Waktu aku baru bangun tadi pagi, tiba-tiba ada suara yang bergema seperti suara genta kecil memanggilku. "Papa, papa, lihat sini!" Dengan sedikit malas karena masih mengantuk, kuhampiri Una si genta kecil itu. Kutemui sesosok gadis kecil usia lima tahun yang manis, yang rambutnya panjang seperti sutera. "Ada apa, Una manis?" aku menyapanya lembut.
"Lihat Pa, apa yang Una temukan di halaman kita."
"Apa sih?"
"Itu Pa, di atas pohon itu ada seekor burung kecil. Una tidak tahu itu burung apa, tapi ia sepertinya jinak sekali."
Sambil berkata begitu telunjuknya menunjuk ke sebuah pohon. Aku coba mengarahkan mataku ke pohon yang ditunjuk Una, dan memang benar ada seekor burung kecil di sana. Sama seperti putriku, aku juga tidak dapat mengenali jenis burung itu.
"Mungkin itu burung pipit, sayang," kataku coba menebak.
"Burung pipit ya, Pa? Makanannya apa sih?"
"Entahlah, Papa tidak tahu, Una. Tapi kamu bisa coba berikan remahan rotimu padanya."
Karuna, putriku itu, segera mengambil remahan rotinya dan meletakkannya di telapak tangannya. Dengan suaranya yang bening seperti suara genta kecil, ia coba memanggil-manggil si burung pipit. "Burung pipit, kemarilah. Ada remahan roti untukmu di sini." Dan benar saja, burung itu memang tampak jinak. Dengan tangkas ia segera terbang menghampiri putriku, lalu mematuk-matuk remahan roti yang ada ditangannya. "Papa, burung ini senang sekali dengan roti yang Una berikan." Aku tersenyum melihat binar matanya, dan berkata, "Ya Una sayang, tapi sekarang hari sudah mulai siang nih. Ayo kita masuk ke dalam. Bukankah kamu harus pergi ke sekolah? Dan Papa pun harus pergi kerja."

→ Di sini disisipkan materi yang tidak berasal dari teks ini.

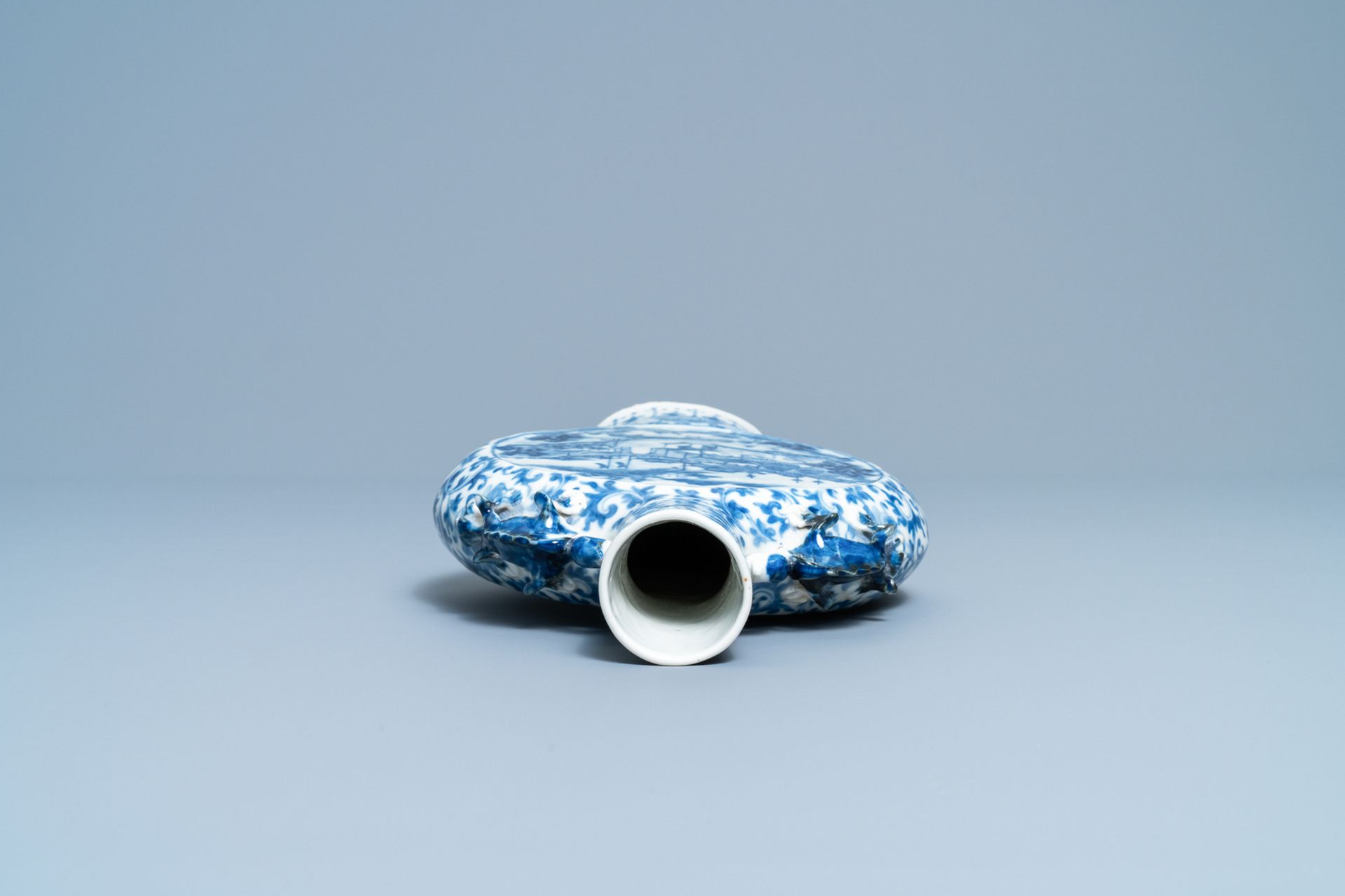 A Chinese blue and white moon flask vase with topographic medallions, 19th C. - Bild 4 aus 5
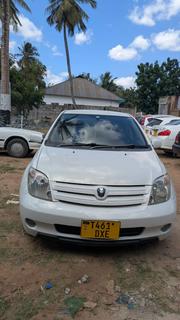 Toyota IST 2006 Pearl for sale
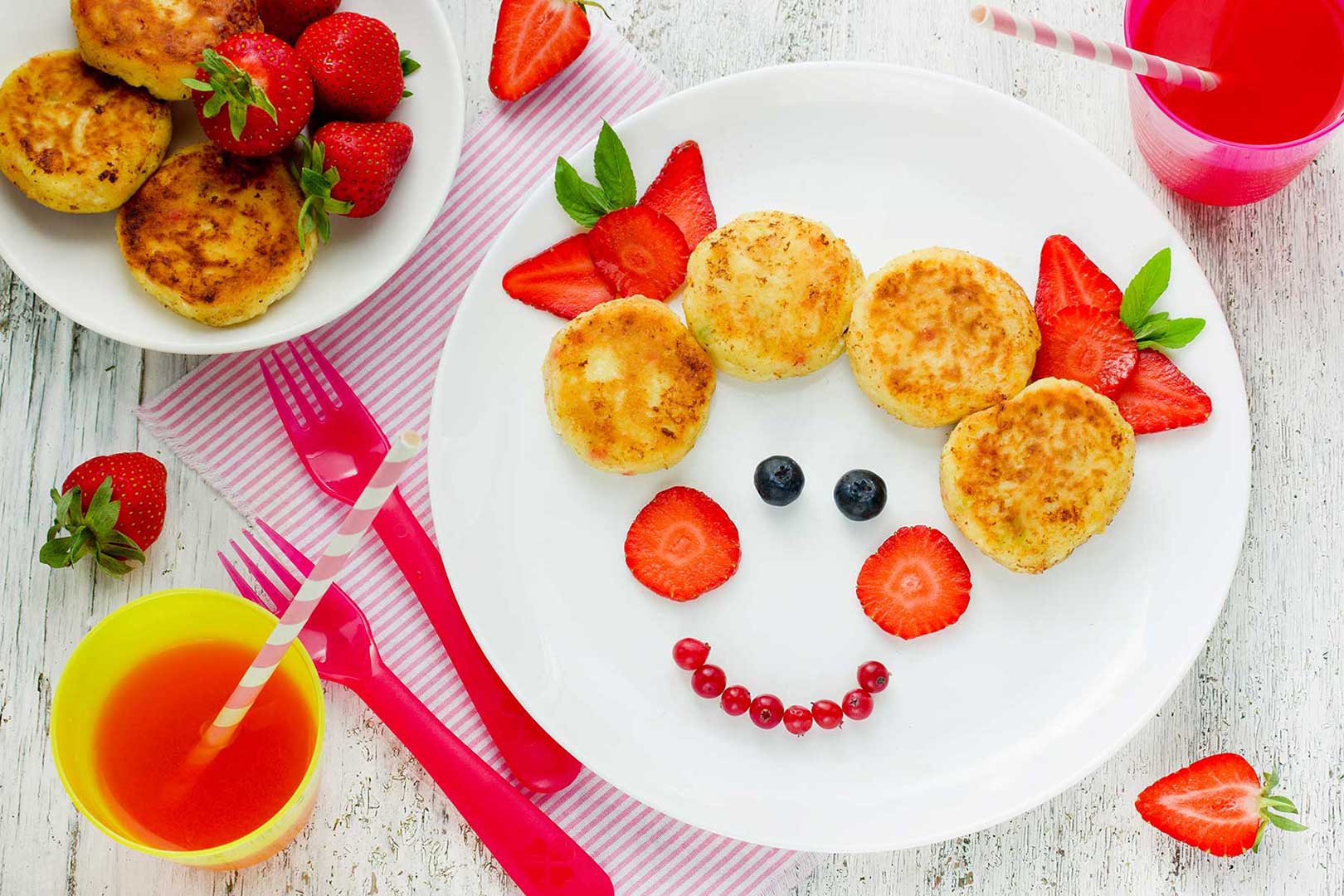 Minipancake Mädchen mit Obstwangen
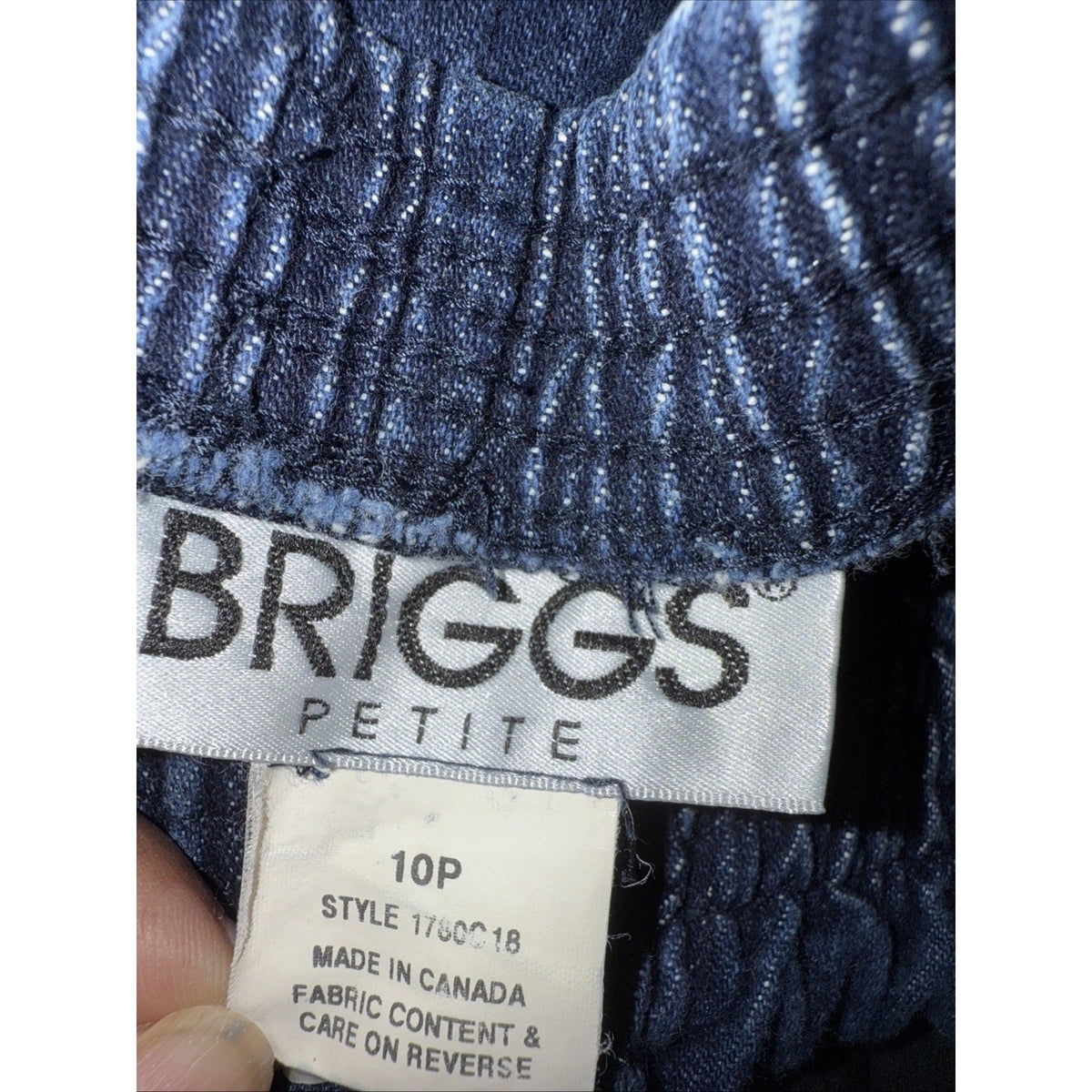 Briggs Size 10P denim cropped Pants women’s Pull On Elastic Waist Pockets GUC ￼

Kami lalu bergandengan tangan masuk ke dalam rumah, tempat ratuku sudah menunggu kami.
Seorang anak seringkali mengejutkan orangtuanya. Kadang kita sebagai orangtua dikejutkan oleh tingkah laku mereka yang tak terduga, tetapi lebih sering kita dikejutkan oleh pertanyaan-pertanyaan mereka yang bahkan kita orang dewasa pun belum tentu bisa atau berani menjawabnya.